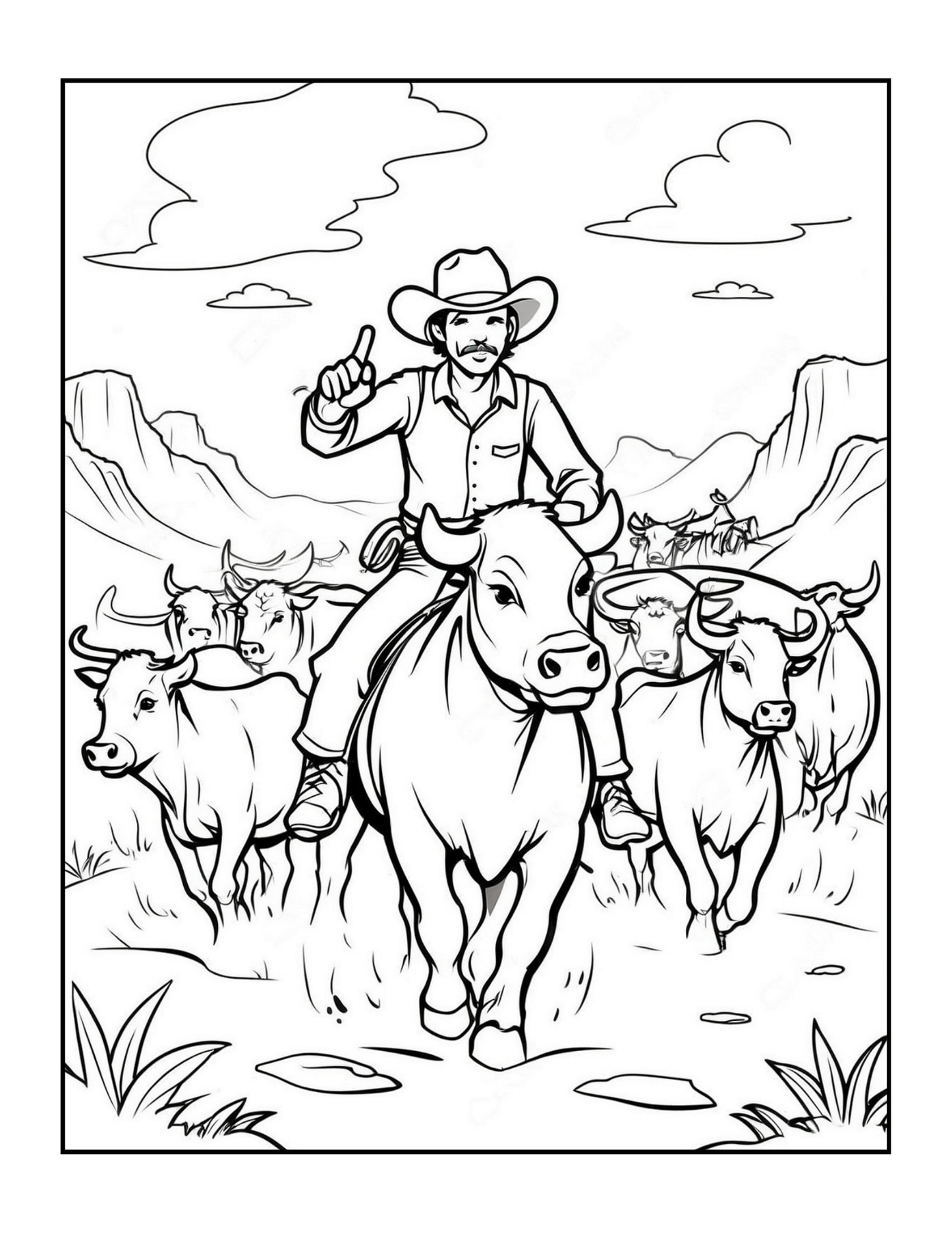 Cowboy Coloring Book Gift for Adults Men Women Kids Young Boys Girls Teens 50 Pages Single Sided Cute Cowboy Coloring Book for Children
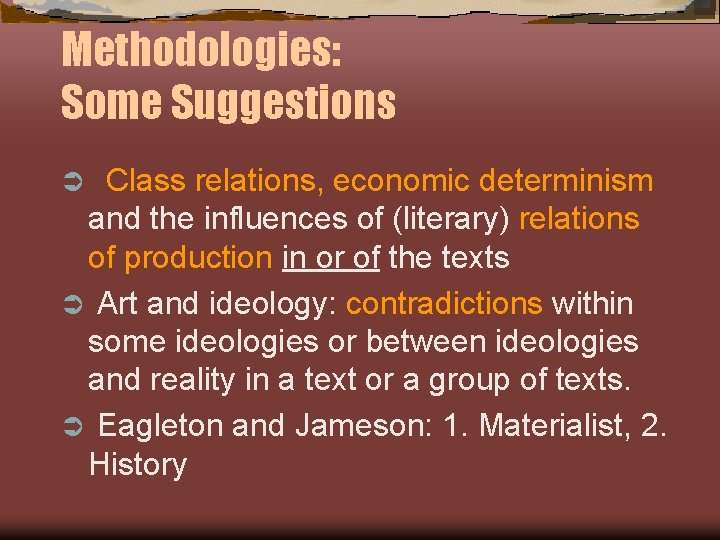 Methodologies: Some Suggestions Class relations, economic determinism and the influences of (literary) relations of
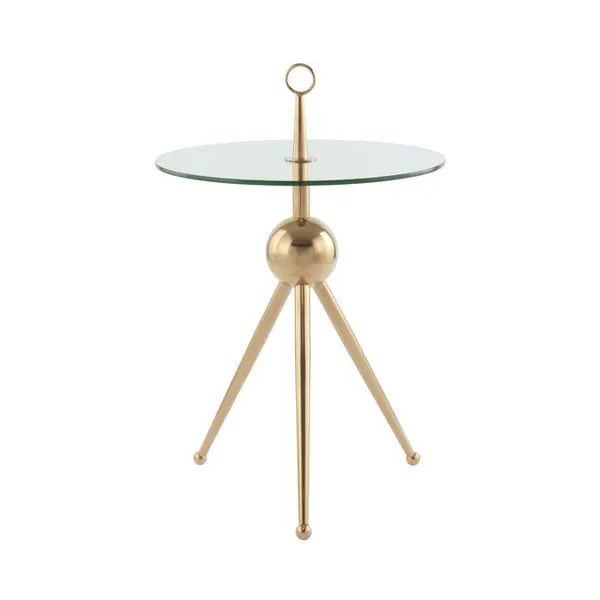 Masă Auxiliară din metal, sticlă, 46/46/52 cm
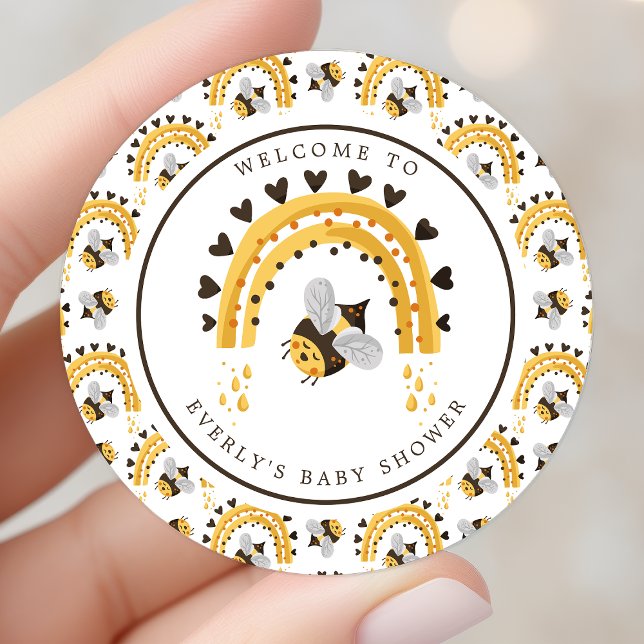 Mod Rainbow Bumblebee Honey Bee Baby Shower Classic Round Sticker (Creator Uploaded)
_ _ _ _ _
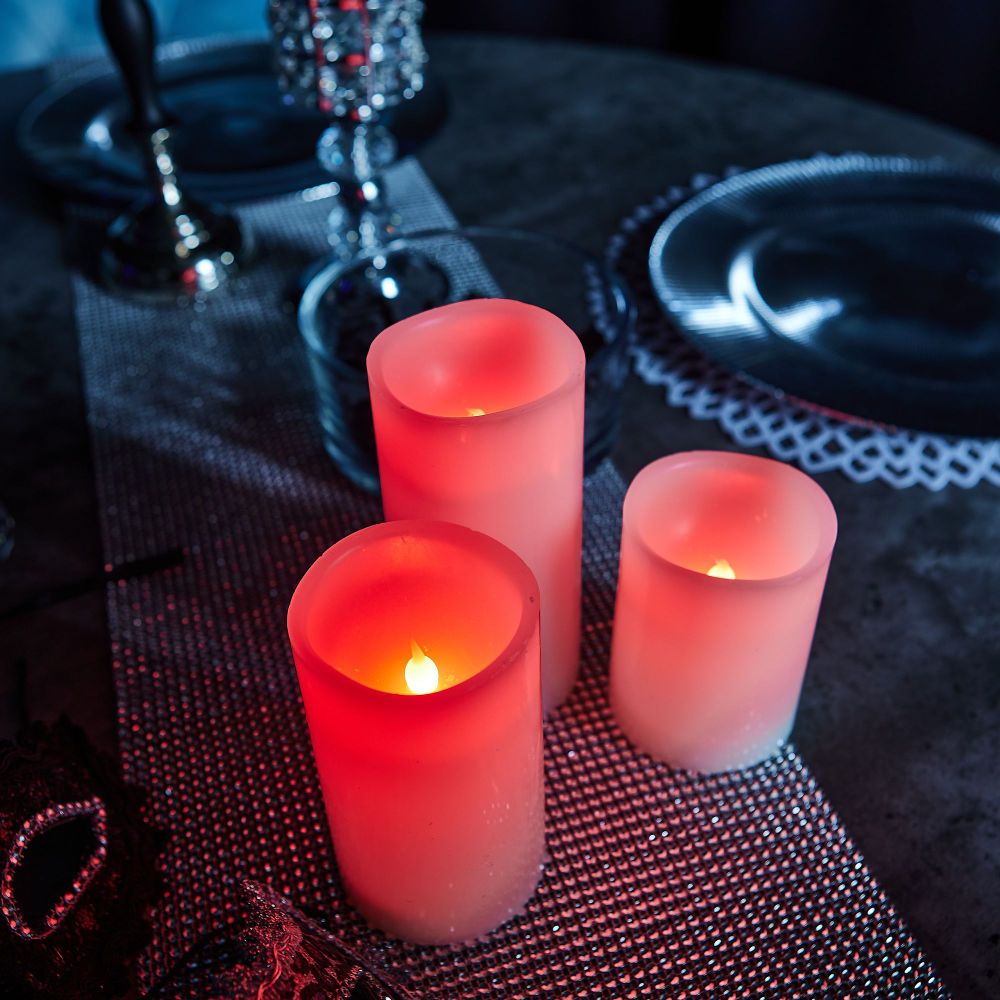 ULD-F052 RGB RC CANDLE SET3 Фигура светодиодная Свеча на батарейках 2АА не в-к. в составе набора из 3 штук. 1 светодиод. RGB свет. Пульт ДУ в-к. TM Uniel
_ _ _ _ _
■ **Work to complete**: What you write out is the stretch of entries from the line containing "Methodologies: Some Suggestions" to the line containing "Mod Rainbow Bumblebee", word for word, with both end lines and no pictures.

■ **Response**:
 Methodologies: Some Suggestions Class relations, economic determinism and the influences of (literary) relations of
 Masă Auxiliară din metal, sticlă, 46/46/52 cm
 Mod Rainbow Bumblebee Honey Bee Baby Shower Classic Round Sticker (Creator Uploaded)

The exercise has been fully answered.